I see how for i=j, the Kronecker delta arises. Sorry but I am too bad at this and I still cannot work out the rest of the terms. Can you take me by hand or show the derivation in detail?

ChrisVer
Gold Member
because in most of the cases this is an exercises, you should just keep track of your indices and what you get....
I guess could help you if you showed me what you did, where you've reached. In most of cases it's just a to-be-done-carefully calculation, and at one point you have to use trigonometric identities (if I recall well)...
One thing is for sure, after you found the case of delta, you need also to add to this the cases where i is not equal to j.... and from that see what you get for that term...

Orodruin
Staff Emeritus
Homework Helper
Gold Member
So you simply write the square of the absolute value as the complex number times its conjugate and you get the Δm differences.
I see how for i=j, the Kronecker delta arises. Sorry but I am too bad at this and I still cannot work out the rest of the terms. Can you take me by hand or show the derivation in detail?

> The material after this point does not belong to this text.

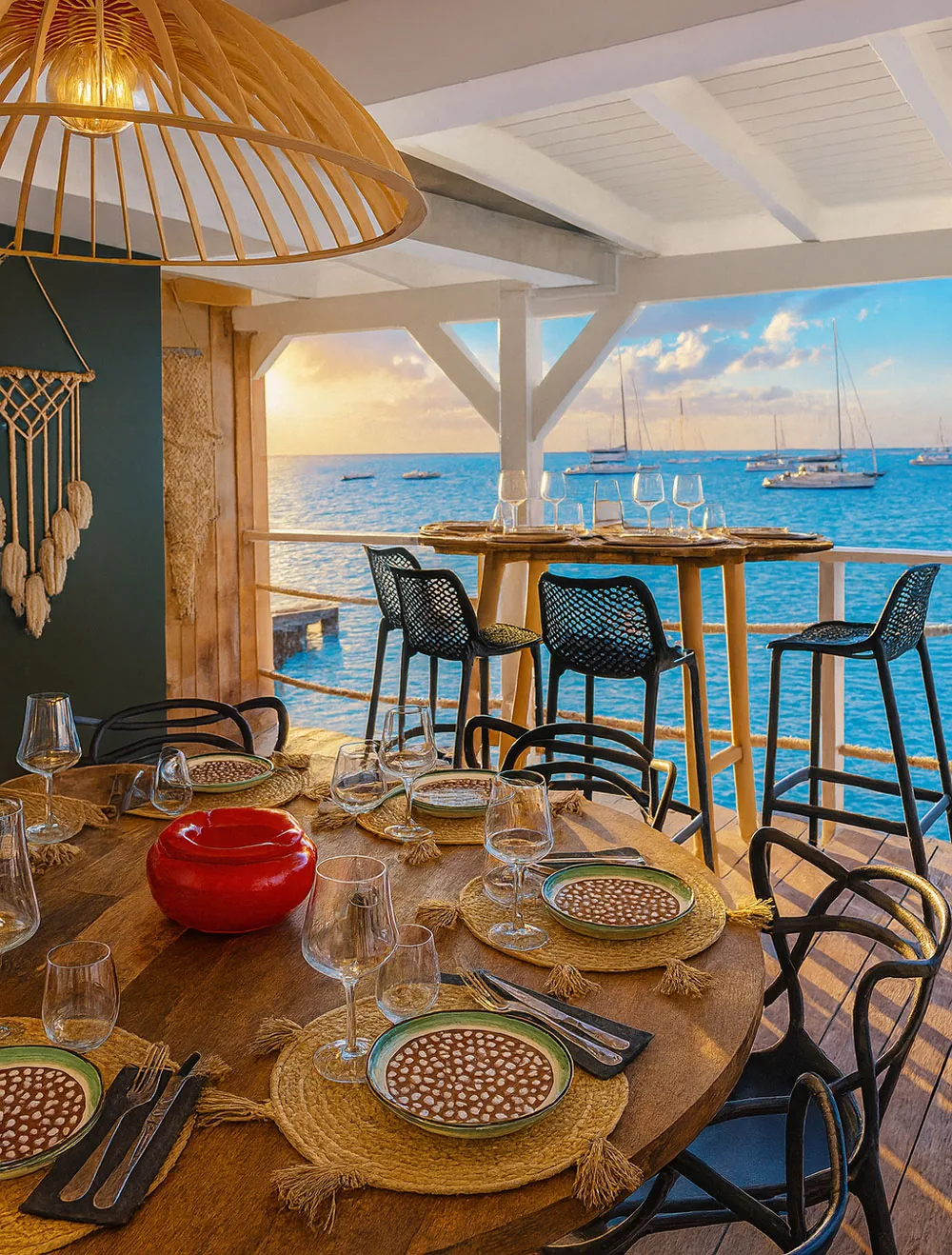 Wooden terrace at Korner SXM in Grand Case with a set table and yachts at sunset in the background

For the remaining terms (##i \neq j##), you have one term for ##i > j## and one term for ##j < i##. Consider how they are related by writing out both sums and then changing the summation indices in one of them. After that you can make use of the relations
$$z + z^* = 2 Re(z), \quad z - z^* = 2 Im(z)$$
(Also note that ##\Delta E_{ij} = - \Delta E_{ji}## ...)

Thanks for your replies. I have finally worked out the derivation!